In Lakoff’s view, the unwillingness of progressives to engage values is a mistake. I agree wholeheartedly. As my profile for this blog notes, among my chief interests are challenging the religious right’s claim to own God, calling the churches to accountability for injustice to LGBT persons, and stopping bullying of LGBT youth in schools. These are interrelated goals, and it’s impossible to understand the silence of both the leading “progressive” candidates for president and the silence of the churches about the death of Lawrence King, without looking at what progressives have done to values issues in the recent past, as the right wing has dominated the political landscape of America.
During this period, progressives have been all too willing to relinquish values-laden discourse to the right, and especially the religious right.
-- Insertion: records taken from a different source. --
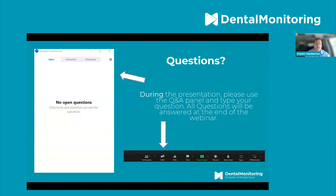All participant lines have been muted, but if you have a question, please feel free to enter it in the chat at any time. We will address as many questions as we can either during or at the conclusion of the presentation. The session will be recorded in its entirety and will be available using the same link you received following registration.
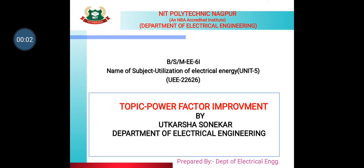Hello students and welcome to this presentation on utilization of electrical energy. This is Unit 5, UWE 22626, and the topic is power factor improvement, presented by Utkarsha Soneka, Department of Electrical Engineering.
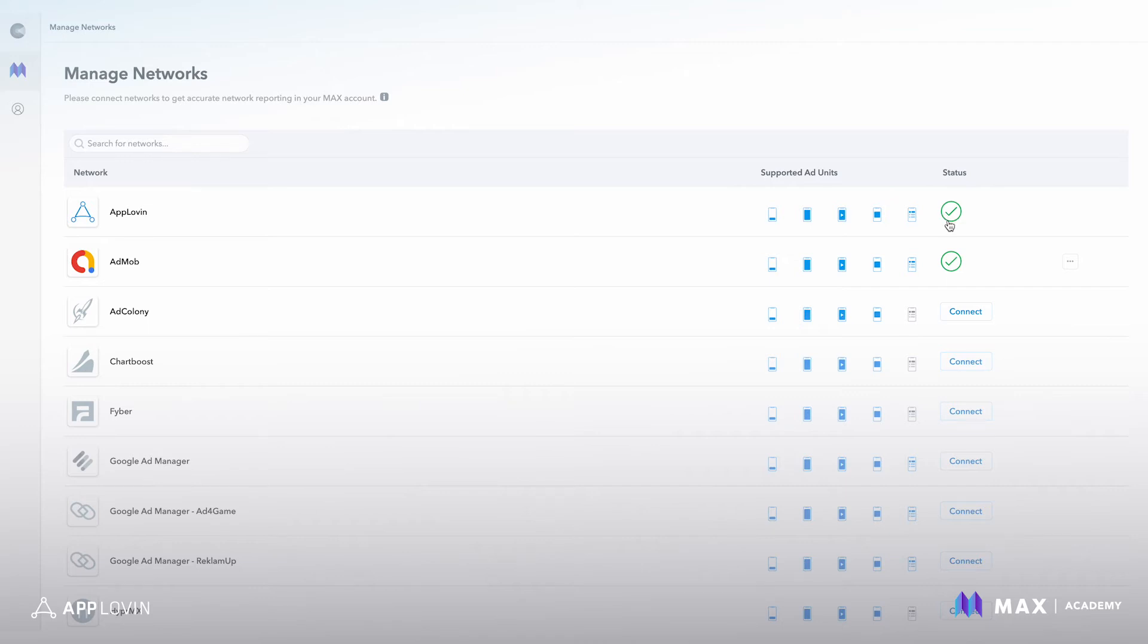The green check mark means network is connected. If there's any issues with the connection, we will show you a yellow exclamation point and you can click into the network to find out more information.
We who recognize that the values represented by the religions of the world and their ethical traditions are far more diverse and revolutionary than the religious right wants Americans to believe have been conspicuously silent, as people who betray the core values of the world’s religions posture as the sole owners of values discourse.
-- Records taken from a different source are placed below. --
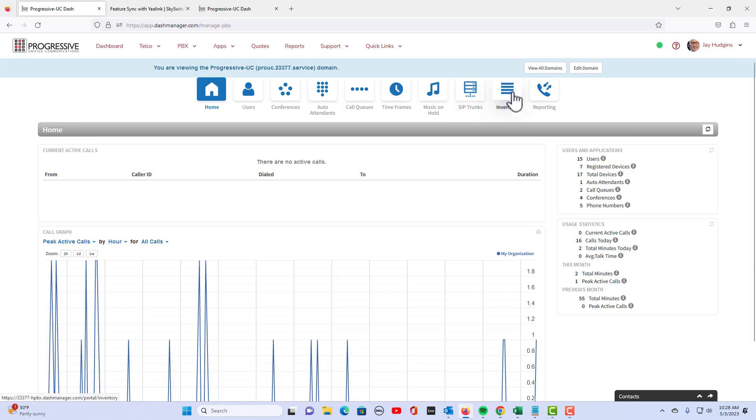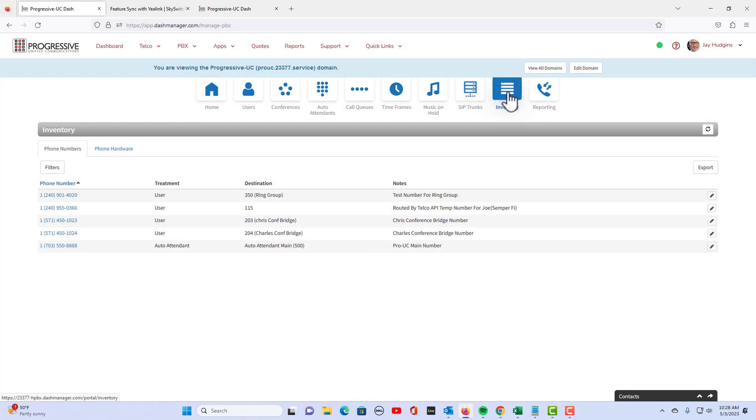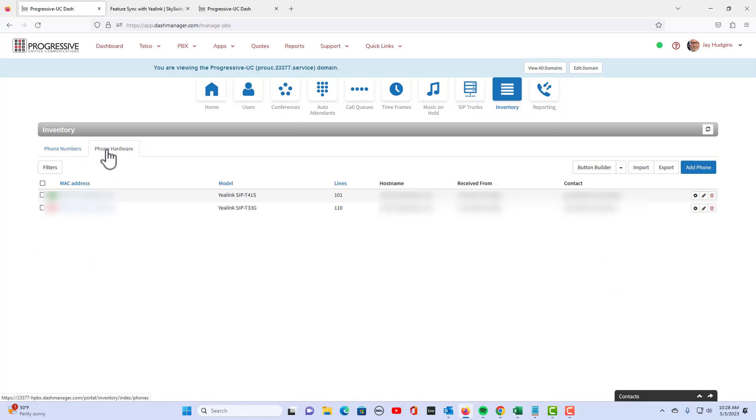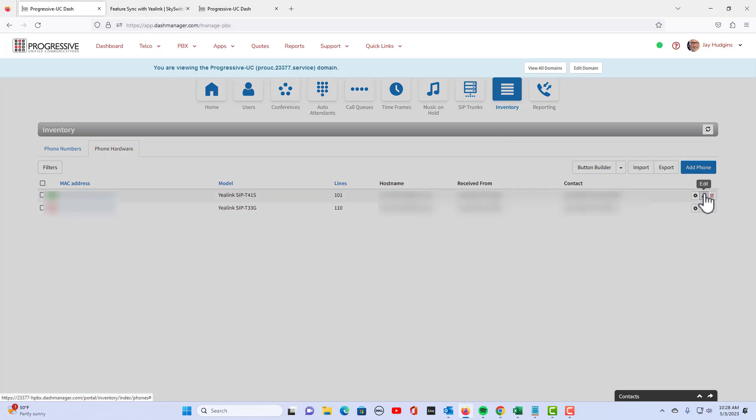I'm going to go to inventory, then to the phone hardware tab. Here is the phone I'm going to look at, extension 101. I'm going to click on the pencil.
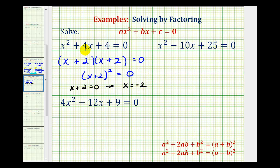Normally, when solving a quadratic equation, we do expect two solutions. But since we have two factors of x plus two, we do only have one solution. We can say that it has a multiplicity of two, or that it's a double root or double zero.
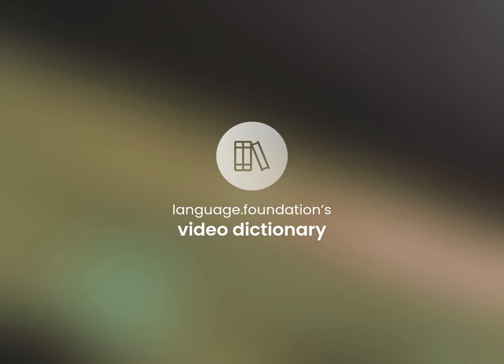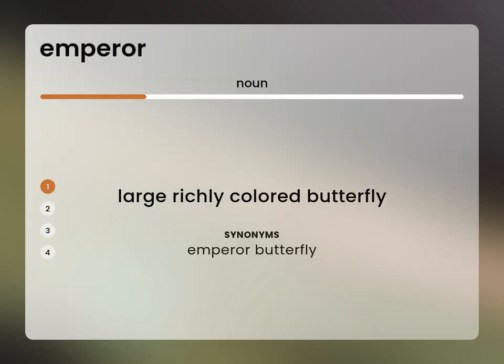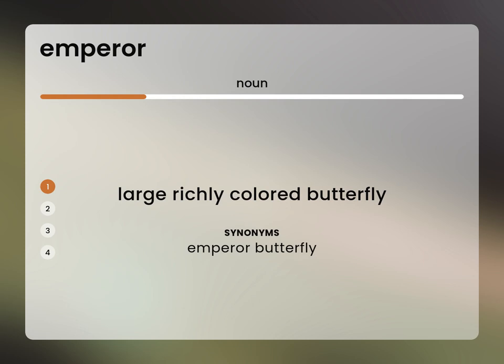Language.Foundation's Video Dictionary, helping you achieve understanding. Large, richly colored butterfly. Emperor butterfly.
We who want to keep progressive political options alive in the U.S. have allowed the religious right to railroad values discourse into a dead-end shouting match about abortion, reproductive rights, and “family values,” while a large number of our citizens go without basic health coverage, while we let ourselves be herded like dumb sheep into a war based on lies, while the obscenely rich grab an even larger share of the world’s resources, while children born in poverty in our nation have a decreasing chance at an adequate education, while the globe spins towards irreversible climactic changes due to global warming.
These issues are all values-centered issues. Yet we on the progressive end of the political spectrum treat them as policy issues. We relinquish the language of values to the religious right, and allow our fellow citizens to assume that these issues—all deeply and inherently related to the core ethical values of our religious traditions—have no basis in values at all.
Hence the ability of the major presidential candidates—in particular, the “progressive” ones the ones who should most be expected to speak out—to remain silent about the murder of a fifteen year-old boy by a classmate who considered the boy gender-inappropriate. Such murders ought not to happen in American schools. Not ever. Not ever again. Parents everywhere should be up in arms at the thought that an American child can be shot to death in an American school for questioning gender roles.
Churches all over the land should be holding vigils, pray-ins, sit-ins, classes about school violence and homophobia. But they’re not doing so. And those who claim to represent the most progressive options for us in the current presidential campaign continue to remain silent.
How has it come to this? In addition to relinquishing discourse about (and the very definition of) values to the right, we who stand for progressive change have also tolerated for far too long faint, insulting blathering about values on the part of many of our churches—blathering that is much ado about nothing, all sound and fury signifying nothing. We allow the churches to salve their consciences (and our own) by talking rather than walking.
We allow the churches to deplore homophobia and homophobic violence while fueling homophobia and homophobic violence. Not only do many churches observe the silence of the tomb regarding a social problem that can cause a fifteen year-old boy to be murdered in cold blood. Many of the same churches discriminate on the basis of sexual orientation in hiring and firing employees in their institutions, refuse to ordain openly gay-lesbian members, and hold national meetings at which the lives and fates of LGBT church members are discussed without permitting those whose lives and fates are being determined to have a voice in the discussion!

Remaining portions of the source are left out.